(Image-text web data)

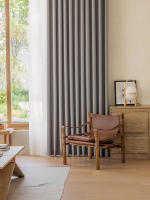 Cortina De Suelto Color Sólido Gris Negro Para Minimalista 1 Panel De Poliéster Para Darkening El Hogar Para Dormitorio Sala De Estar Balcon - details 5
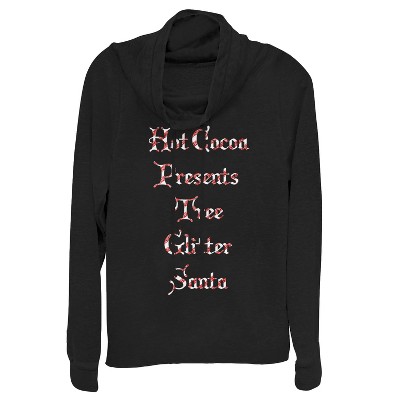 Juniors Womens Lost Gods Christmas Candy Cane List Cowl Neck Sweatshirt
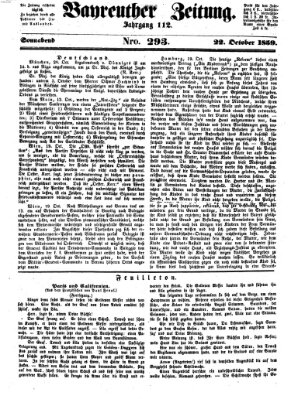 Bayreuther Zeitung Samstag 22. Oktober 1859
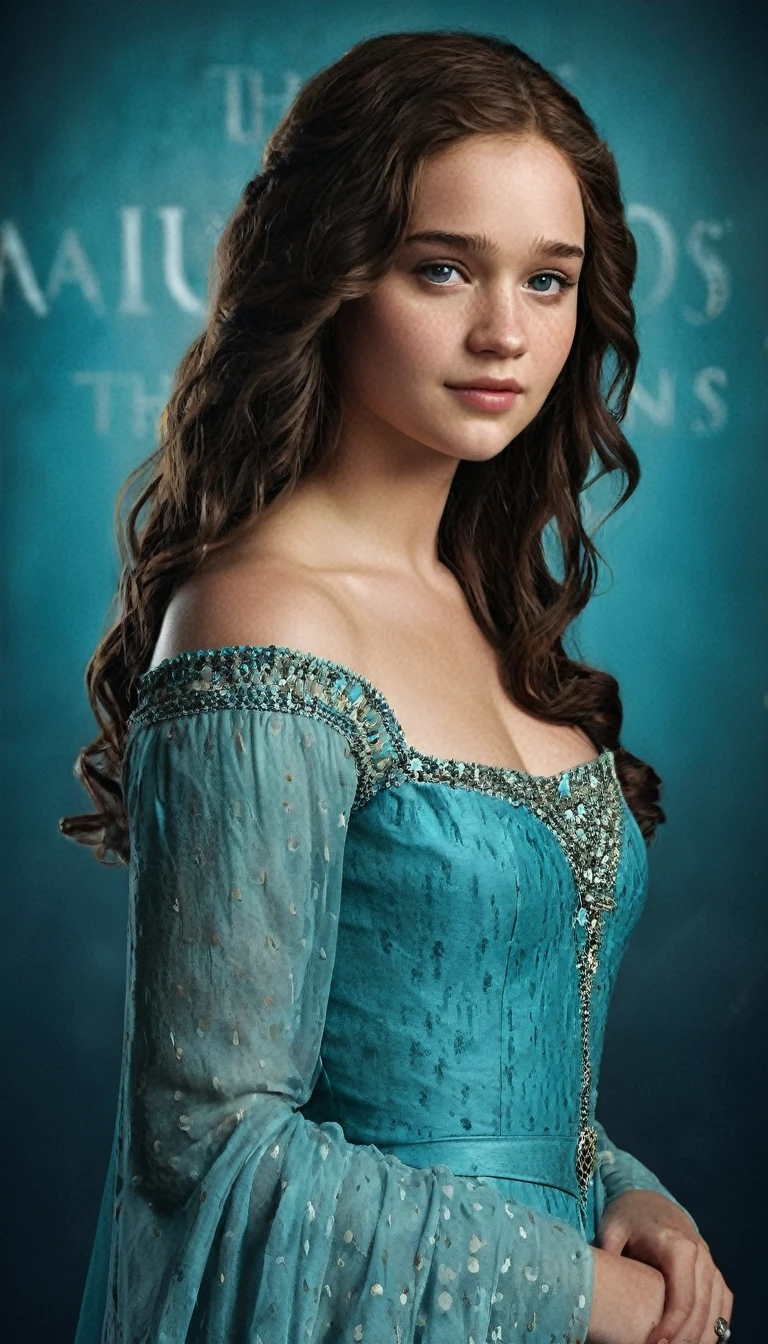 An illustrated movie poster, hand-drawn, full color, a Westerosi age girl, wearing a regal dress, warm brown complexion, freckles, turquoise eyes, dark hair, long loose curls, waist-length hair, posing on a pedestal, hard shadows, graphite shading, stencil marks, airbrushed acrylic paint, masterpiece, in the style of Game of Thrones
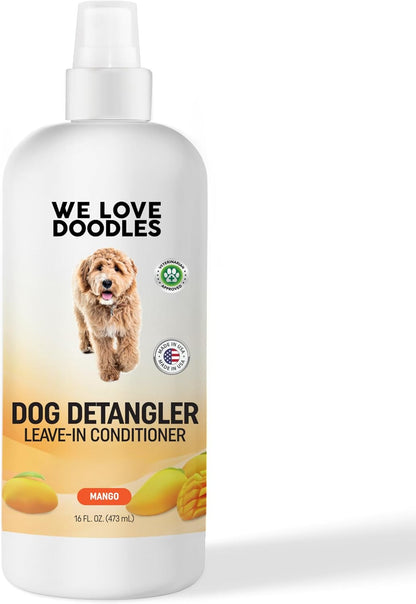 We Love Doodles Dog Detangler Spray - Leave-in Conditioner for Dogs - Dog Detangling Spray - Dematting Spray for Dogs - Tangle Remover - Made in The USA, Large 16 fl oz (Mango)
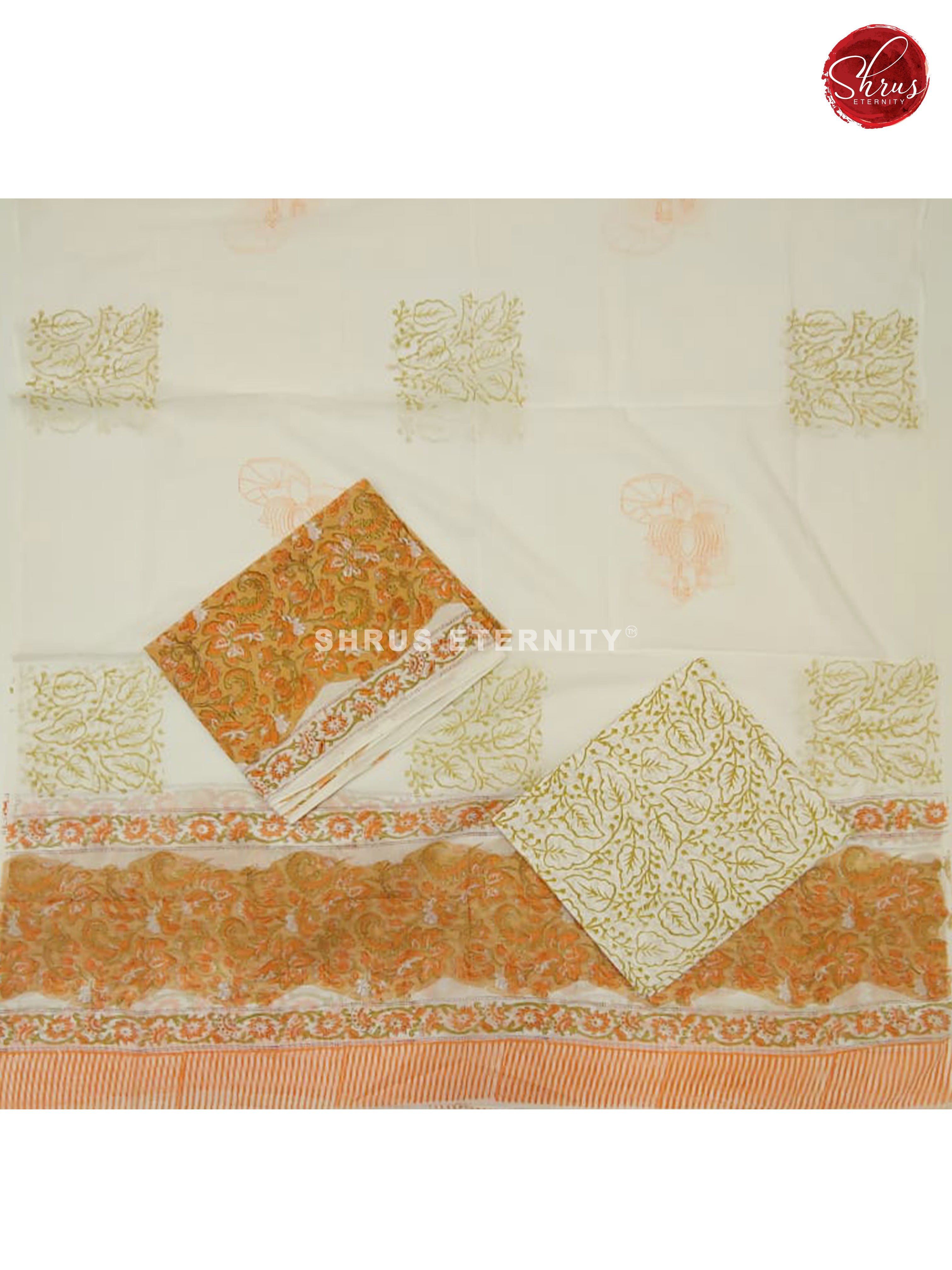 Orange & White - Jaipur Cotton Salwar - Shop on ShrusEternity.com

• **Required work**: For this exercise, copy the entries above exactly and skip any picture.

• **Your response**:
 Cortina De Suelto Color Sólido Gris Negro Para Minimalista 1 Panel De Poliéster Para Darkening El Hogar Para Dormitorio Sala De Estar Balcon - details 5
 Juniors Womens Lost Gods Christmas Candy Cane List Cowl Neck Sweatshirt
 Bayreuther Zeitung Samstag 22. Oktober 1859
 An illustrated movie poster, hand-drawn, full color, a Westerosi age girl, wearing a regal dress, warm brown complexion, freckles, turquoise eyes, dark hair, long loose curls, waist-length hair, posing on a pedestal, hard shadows, graphite shading, stencil marks, airbrushed acrylic paint, masterpiece, in the style of Game of Thrones
 We Love Doodles Dog Detangler Spray - Leave-in Conditioner for Dogs - Dog Detangling Spray - Dematting Spray for Dogs - Tangle Remover - Made in The USA, Large 16 fl oz (Mango)
 Orange & White - Jaipur Cotton Salwar - Shop on ShrusEternity.com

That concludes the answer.